Tuesday, April 26, 2011

The Importance of Eating Local!

So why should we eat local?  We hear about it, see some cool bumper stickers.  But why is there such an interest in eating local?
Well, for starters, eating local means we know where our food comes from.  We know who grows it, can ask them how they grow it, what chemicals they use, or don’t use.  Major food production corporations don’t need to tell us what chemicals, or pesticides, they use, according to the FDA regulations, if it’s below a certain percentage.  Most of us have no idea what we put into our bodies on a daily basis. 
How can one eat local?
We can go to local farmers markets, or find farms in the area.  On Aquidneck Island, there’s a fantastic little farm called Sweetberry Farm.  They grow and sell their own products, whether you go apple picking yourself, or choose to buy their homemade hot apple cider, made with the freshest of ingredients.  If you’ve never been to a farmers market, I suggest you go.  The atmosphere is full of positive energy, and many of the people selling their products are more than willing to talk about their products, and what they use or don’t use to help their products grow.  Some are organic farmers, and work with the land in order to produce a good crop.  

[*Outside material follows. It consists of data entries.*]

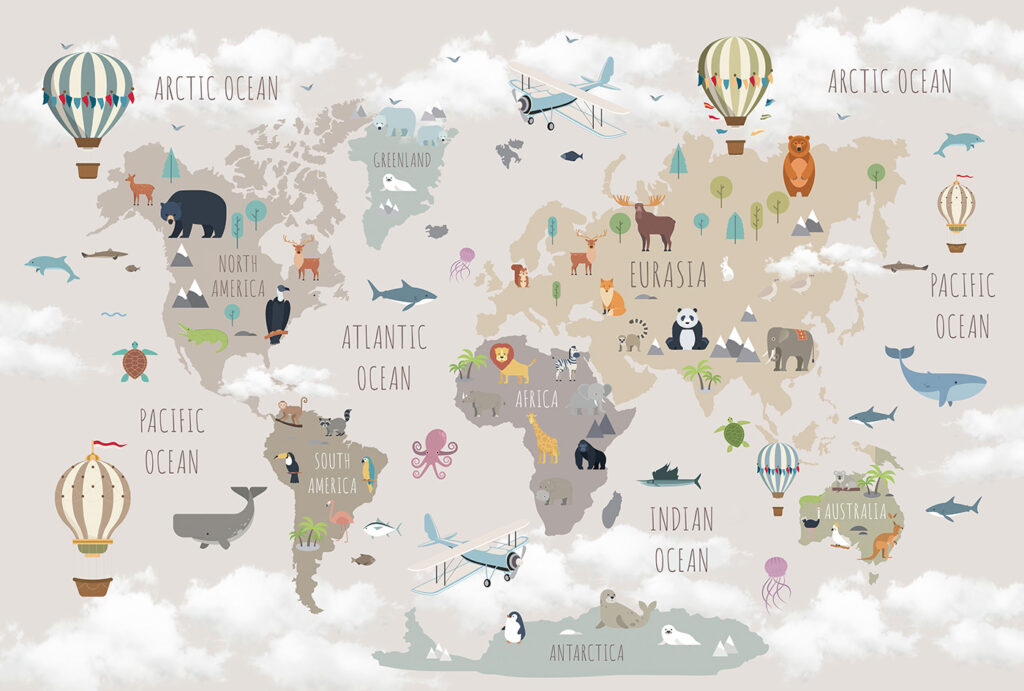 Mappa dei continenti — design completo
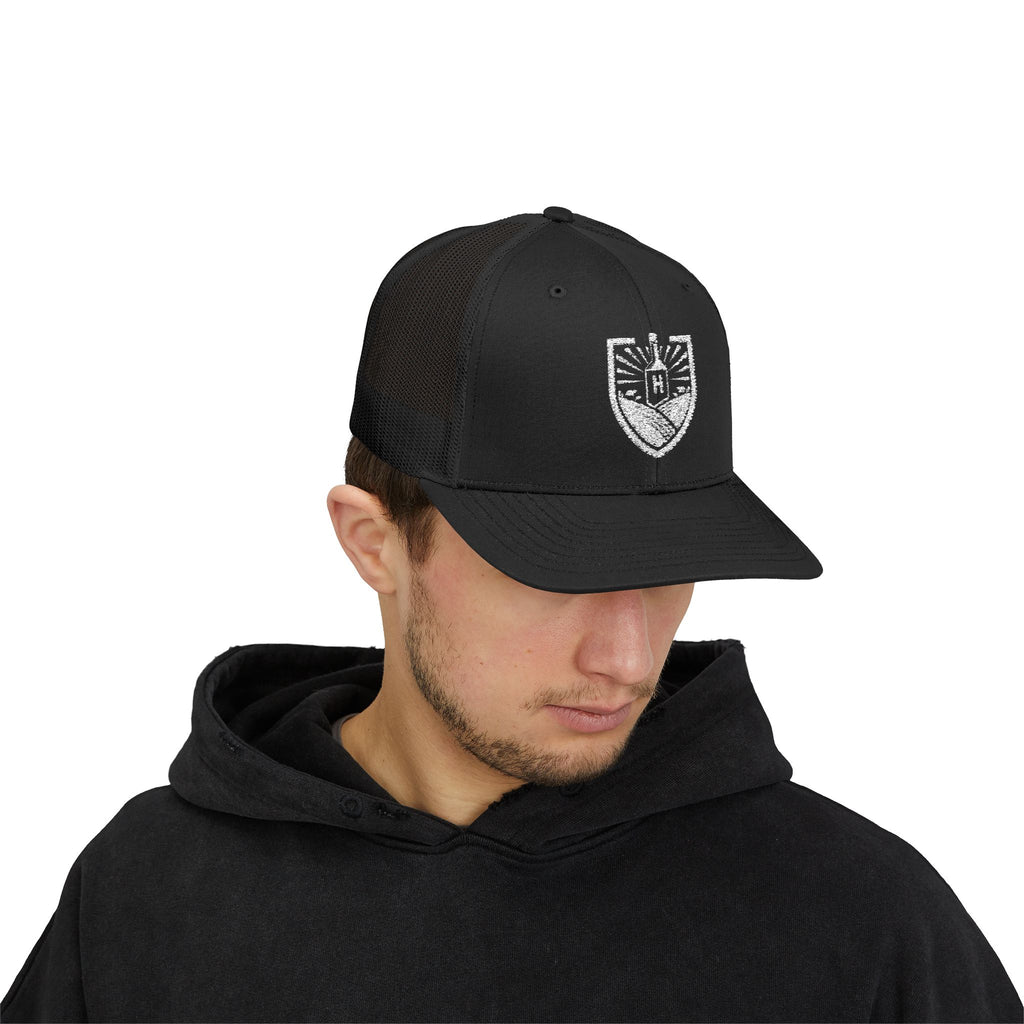 Trucker Cap — Vintage Crest Patch Snapback Hat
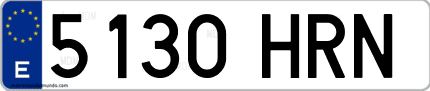 Ejemplo de matrícula de coche ordinaria 5130 HRN
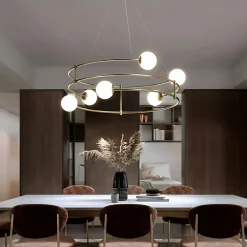 DELTONA Suspensions / Lustres|Suspension moderne - 4 globes sur structure spirale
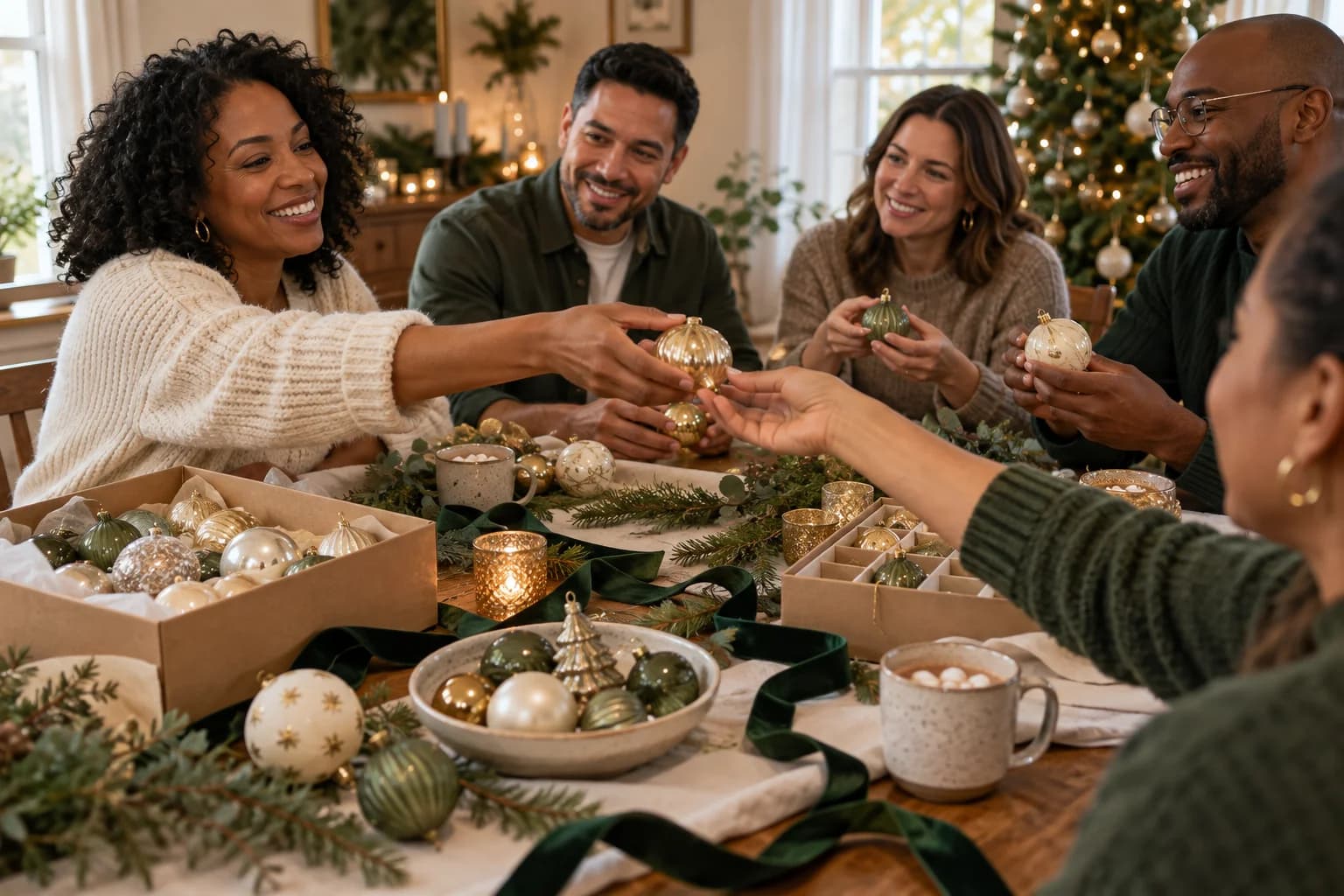 AI-generated editorial illustration of diverse friends exchanging ornaments at a holiday décor swap.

If you go to a supermarket, and pick the bread off the shelf, the fruit out of a bin, you really don’t know who was involved in producing this, how this product got to the shelf, and where it actually came from.  Is it domestic, produced in our own country?  Was it shipped from overseas?  We must raise awareness to what we are investing in.  Food is energy, it’s a life-source, our life-source, and to not consider the root source of our energy is like putting on a blindfold and choosing not to see.  By not consuming from major corporations, you actually can decrease your carbon footprint.  Shipping foods and goods from all over the world or even across the country is expensive, and taxing to the environment.  Our society has become accustomed to living by instant gratification, and having all varieties of fruits and vegetables available to us at any time of the year even though they’re not in season, and not native to our lands.  
We don’t even take the time to think about it.  If strawberries are ripe at the end of August and September, then how on earth can we get them in December, March, May?  Where are they being grown and how are they being grown?  What chemicals are added to them to manipulate their natural growth cycle? 
We can all be more responsible citizens of the world.  We just need to think.  Starting with food, something we put in our bodies every single day, we can make a conscious effort to think.  You can help out the environment, and your own body, by being aware of the food you consume, and shifting where you shop to eating local.